→ **Provided entries**:
----------------------------------------

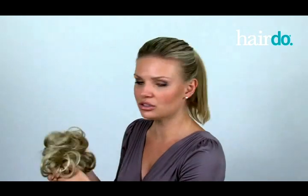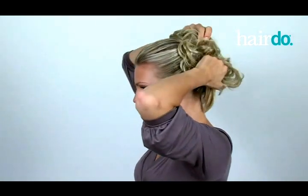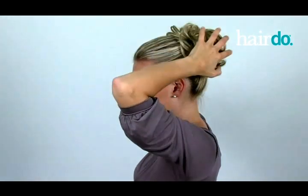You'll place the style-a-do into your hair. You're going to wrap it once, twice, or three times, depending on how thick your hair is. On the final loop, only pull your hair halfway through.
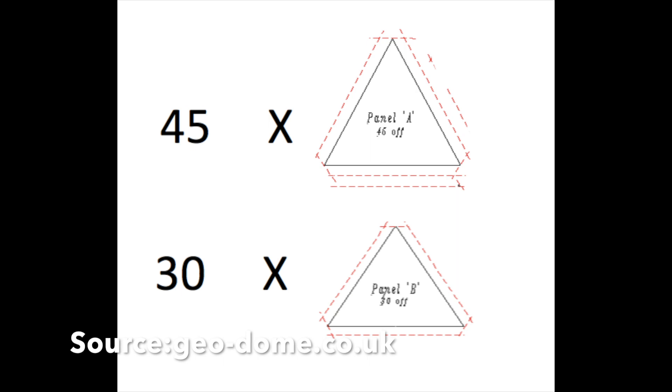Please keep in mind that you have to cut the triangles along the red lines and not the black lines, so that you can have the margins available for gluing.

----------------------------------------

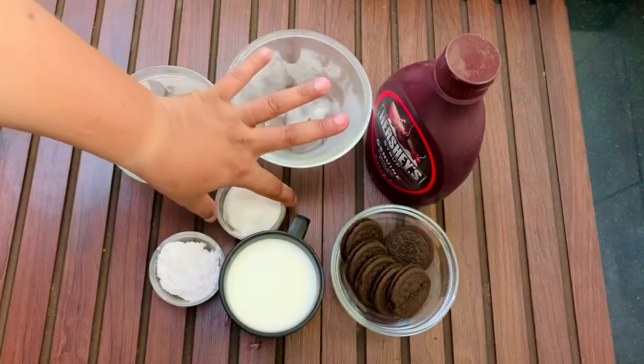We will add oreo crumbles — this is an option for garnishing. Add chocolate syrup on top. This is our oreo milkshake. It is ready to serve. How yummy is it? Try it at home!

----------------------------------------

→ **Instructions to follow**: In the listing above, find the line with "You'll place the" and the line with "Please keep in". Output both, plus every line between them, and no pictures.

→ **Answer to this problem**:
You'll place the style-a-do into your hair. You're going to wrap it once, twice, or three times, depending on how thick your hair is. On the final loop, only pull your hair halfway through.
Please keep in mind that you have to cut the triangles along the red lines and not the black lines, so that you can have the margins available for gluing.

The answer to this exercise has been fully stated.